La dissimulation des faits ayant une incidence sur l’activité professionelle du salarié, bien que relatifs a sa vie priv ée, ne retient pas d avantage l’indulgence des juges……………………………………………………………………………….. Solliciter un congé pour une raison autre que la véritable justification (Cass. soc., 16 janv. 1985: Cah. prud’h. 1985, p. 98), quelle que soit le mobile de dissimulation (Cass. soc., 15 mars 1983: Bull. Civ. 1983, V, no 157), sont passibles de l’ultime sanction…………………… Taking all the above into consideration, the Court is of the view that the plaintiff’s lie to the defendant can only have the effect of undermining this element of trust which is fundamental in a good employer- employee relationship. As was pertinently held in the case of Barbe J.B. v Shell Mauritius Ltd [2013] SCJ 202, a “breach of trust can in itself be a cause for dismissal” and the Court cited the following extracts from Dalloz- Contrat de Travail a Durée Indeterminée (Rupture – Licenciement pour motif personnel : Conditions) Janvier 2014 at Note 434 “En attachant ses services à un employeur le salarié s’engage à avoir un comportement loyal et honnête. Le manquement aux obligations qui découlent de cet engagement peut constituer une cause réelle et sérieuse de licenciement.” (Emphasis added).

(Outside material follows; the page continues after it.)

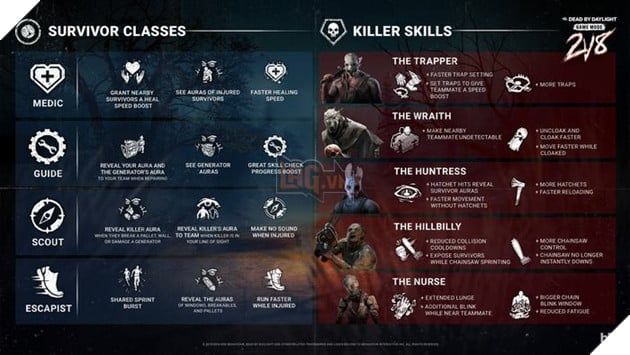 Dead by Daylight sẽ tái xuất một chế độ chơi rất được yêu thích vào cuối năm nay 2.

Conclusion In the light of all the above, having found that the acts and doings of the plaintiff in lying to his employer constitute a breach of trust, the Court is not satisfied that the plaintiff has proved his case on a balance of probabilities to the effect that the termination of his employment was unjustified. On the other hand the defendant has satisfied this Court that it could no longer maintain a good working relationship with the plaintiff as the latter by his conduct has breached the bond of trust in the employer-employee relationship leaving it with no alternative course of action than to put an end to his employment. Hence the present plaint is therefore set aside. This 31 st January 2020

K. Bissoonauth (Mrs) Ag. President, Industrial Court.